The question is, how do I stop it from following my character

//build

//I created many comments cuz this part would be confusing!

//buildInit if its initiated it would draw
if(buildInit==false || buildInit==true)
{
    //contol ro make it on
    if(input.isKeyDown(Input.KEY_B))
    {//buildInit is to enable the build inventory (The player can choose)  
        buildInit=true; 
        //What buildings


    }
        if(buildInit==true)
    {

        if(input.isKeyDown(Input.KEY_1))
        {
            supply=true;
        }

    }

    //Put it down!!!
    if(supply==true)
    {
                //this would stop it from following and stop there FOREVER
        if(input.isKeyDown(Input.KEY_SPACE))
        {
            stopCarry=true;
        }
    }

}
//TO stop carry
if(stopCarry==true)
{
       //I don't know how to do this part. I tried to do many ways but I couldn't get //it!

}

The Booleans are here

//building
boolean buildInit = false;
//
boolean supply = false;
boolean stopCarry = false;

Image: ` //build if(buildInit==true) { Build.draw(100,20); }

  if(supply==true)
  {//shiftX is my character also shiftY
      SupplyImg.draw(shiftX, shiftY);
  }
  if(stopCarry==true)
  {//stayX and stayY is the place for the building to stay. I don't know how to do this

      SupplyImg.draw(stayX, stayY);
  }

`

The cord as you see, the map is moving, not my character!

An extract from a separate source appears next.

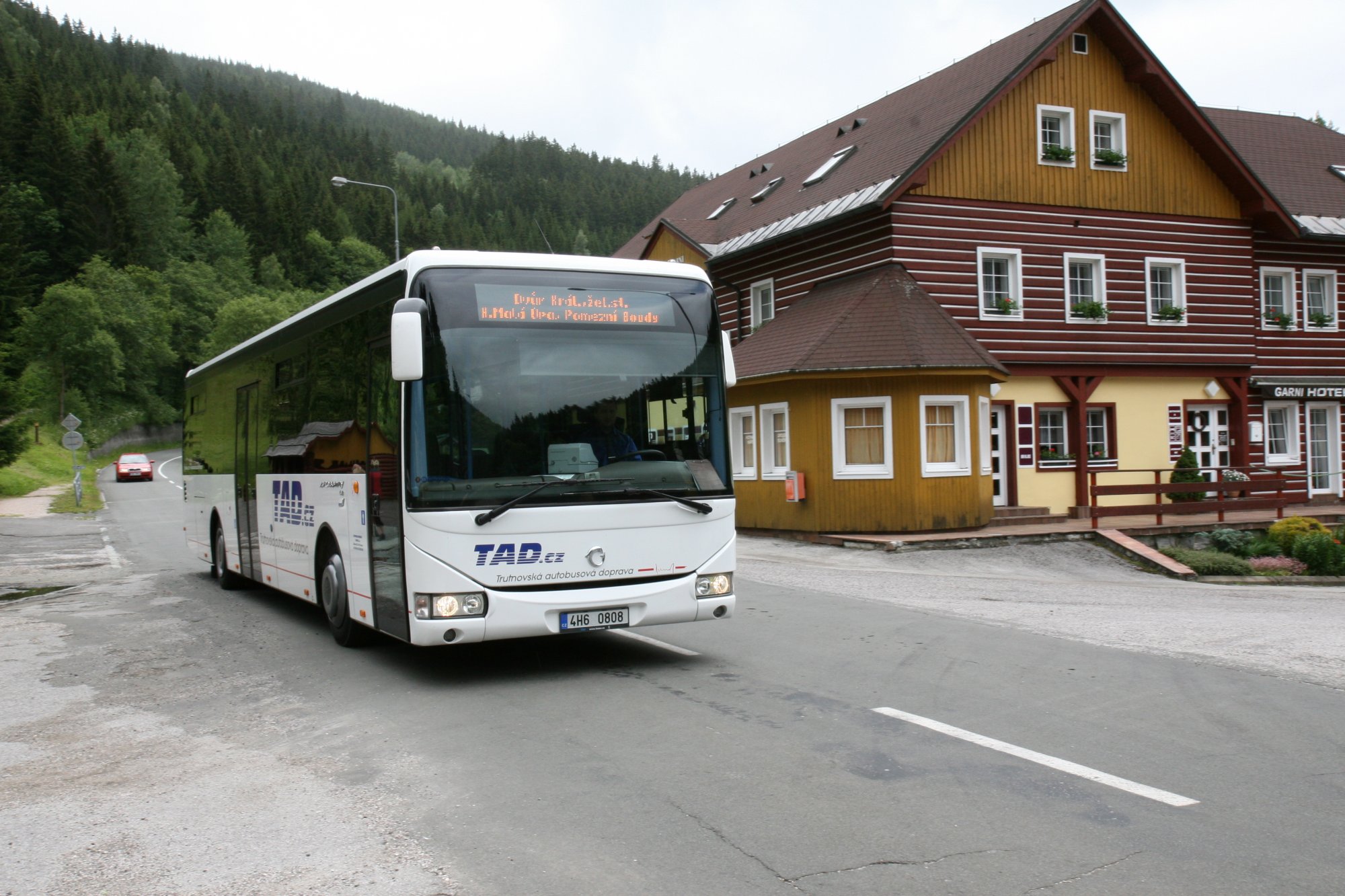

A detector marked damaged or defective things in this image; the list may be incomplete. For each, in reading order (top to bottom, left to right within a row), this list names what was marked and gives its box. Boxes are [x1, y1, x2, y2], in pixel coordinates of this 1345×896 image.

cracked asphalt [2, 457, 1345, 887]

float probePositionX = 0; //this is the pos for the maps
float probePositionY = 0;
float shiftX = probePositionX + 700;//this is the pos for my character
float shiftY = probePositionY + 400;

For stayX and stayY, I don't know the code for the building to stop following

These are experiments:

    float stayX = probePositionX + shiftX;
float stayY = probePositionY + shiftY;

I don't know which one should I write the code. And how do I make the Image stop following me? My opinion is shiftX and shiftY. I will add you to my credits in my game.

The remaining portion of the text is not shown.